Family dinner is a subject that is near to my heart, because I grew up in a home in which we gathered around the table every night. I was blessed with a stay-at-home mom, who also happened to be a fabulous cook, and an ironic combination of southern lady and quiet liberal. We ate at the table together, which was always set with cloth placemats (though we did use paper napkins…my mom is a saint, not a masochist). Setting the table was one of my first chores as a child, and to this day, it’s my favorite part of planning a meal, because it’s one thing in life that is entirely within my control.
It wasn’t until I was moving into my first apartment that I began to realize the impact those dinners had on me. Family dinner was security, sharing and the place where we learned about manners and conversation. Even as a dirt-poor college student, my priority for my first apartment was a dinner table, which my grandmother bought for me. My husband and I used it well, even if our meal was just cooked chicken and Pasta-Roni. We hosted our classmates with regularity, always at the table we had set with our dollar-store placemats. Our friends came, we cooked and we all recaptured that sense of familial normality we often missed in our wild college days.

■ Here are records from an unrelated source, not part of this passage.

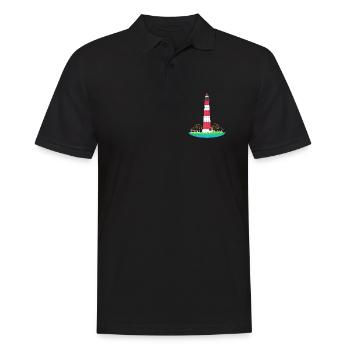 Phare Westerheversand, sans texte, Mer du Nord - Polo Homme - noir - Devant - Kai (181cm)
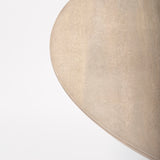 Maxwell 32" Round Light Wood Tabletop & Base w/ Gold Metal Accent Pedestal Bistro Table from Mercana - Luna Furniture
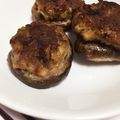 pinat's cooksnap of when they made ジュ〜シィ〜しいたけ肉詰め.
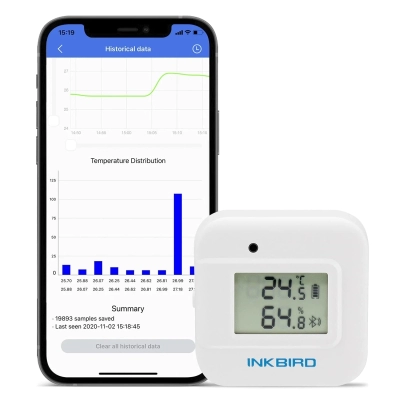 Datalogger Temperatura y Humedad Bluetooth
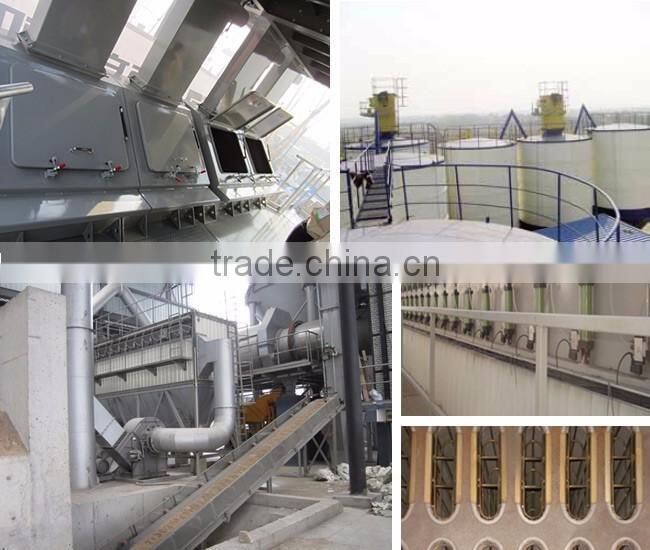 Good performance dry mortar machinery for construction with dust collection system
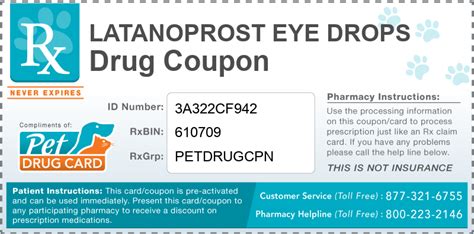 Eye Drop Coupons for Pets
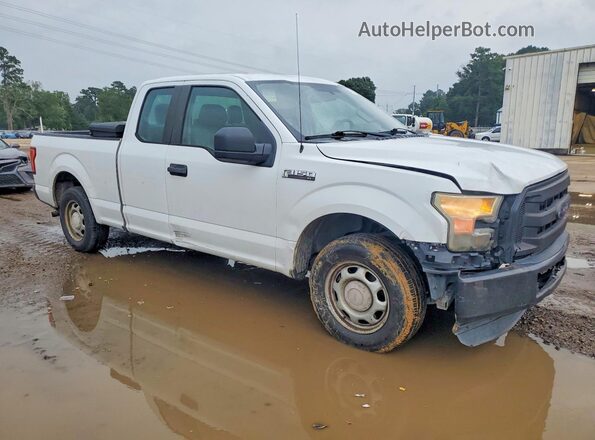 1FTEX1C85GFC00341 2016 FORD F150 White Դիմացի տեսք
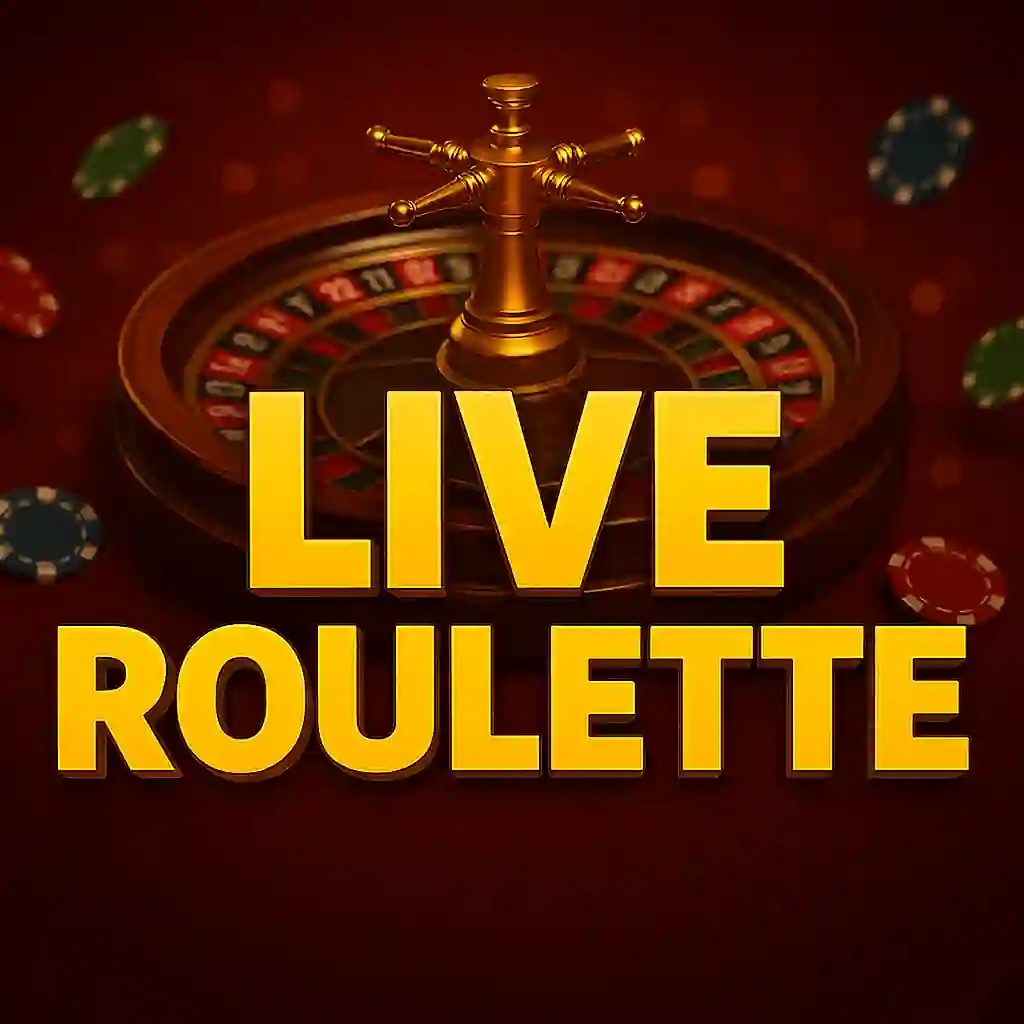 Official Live Casino logo: Live Roulette by Evolution at Spingenie Casino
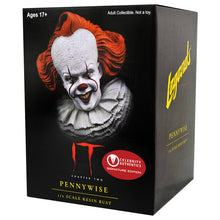 Load image into Gallery viewer, Bill Skarsgard Autographed Legends in 3-Dimensions IT Pennywise 1:2 Scale 10&quot; Bust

I spent that semester driving up my mother’s phone bill with collect calls, so she could walk me through the cooking basics. My husband and I still cherish those memories, because they helped us grow as a couple, and fortify the values we wanted to develop in our future family.
Before I went back to work, I continued with the traditions my parents instilled in me. I cooked (sometimes poorly) and we ate at the table…even if dinner resembled warzone with two picky toddlers. When our house burned down, we spent more time deciding on a new kitchen table than anything else…and as soon as the insurance check cleared, my husband ordered my 20 favorite cookbooks because he knew that was the quickest way to help us feel normal.
When I became a working mom, I got a big, fat dose of reality. Getting dinner on the table after working all day, while juggling the kids, house and everything else, suddenly became a Herculean effort. We ate out more often, relied on convenience foods and somewhere along the way, I lost my joy of cooking. I very easily fell into a rut, and found our nights to be more about getting caught up on our to-do list than enjoying each other. We still had family dinners, but I think I was always in too much of a hurry to truly engage in them the way I should have.
Now that I’m back at home, I am slowly working to recapture the quality of our family dinners, even when my fussy newborn has other plans. This book definitely inspired me to get back on track, and I highly recommend it for anyone that needs a little encouragement to come back to the table as a family.